BOSTON — Dustin Pedroia started his work day at Fenway Park more than three hours before the start of Sunday’s game.

Boston’s second baseman played catch in short right field, took 35 swings in the batting cage and ran the bases. He fielded groundballs at his usual position ranging to both his left and right, feeding double-play partner Xander Bogaerts at second and flipping short throws to first.

Pedroia was upbeat in the clubhouse following the 45-minute session, and Red Sox Manager John Farrell felt the same when addressing the media regarding Pedroia’s status going forward. His left knee is responding to the point where Pedroia could be healthy enough to come off the disabled list Tuesday night at Tampa Bay.

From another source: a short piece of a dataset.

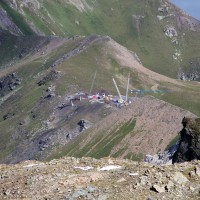 Die zukünftigen Bergstationen der Sesselbahn Motta-Urdenfürggli und der Luftseilbahn Hörnli-Urdenfürggli, August 2013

“Today was a key day in his return – in his potential return,” Farrell said, perhaps betraying future plans with a brief slip of the tongue. “Today was a really strong day for him.”

Pedroia stepped into the cage under the watchful eye of Boston hitting coach Chili Davis and promptly began pulling line drives to left field. His eighth swing resulted in a shot off the wall and his 18th crashed into the third row of the Monster Seats. Pedroia dropped his bat, started jogging lightly and simulated taking leads off all three bases before returning for another round at the plate.

Similar to the much-discussed role setting up closer Craig Kimbrel in the Red Sox bullpen, Pedroia would return to what appears to be a bit of a logjam in the infield. Farrell said he’s committed to keeping third baseman Rafael Devers and utility man Eduardo Nunez in the everyday lineup, seemingly filling a pair of spots.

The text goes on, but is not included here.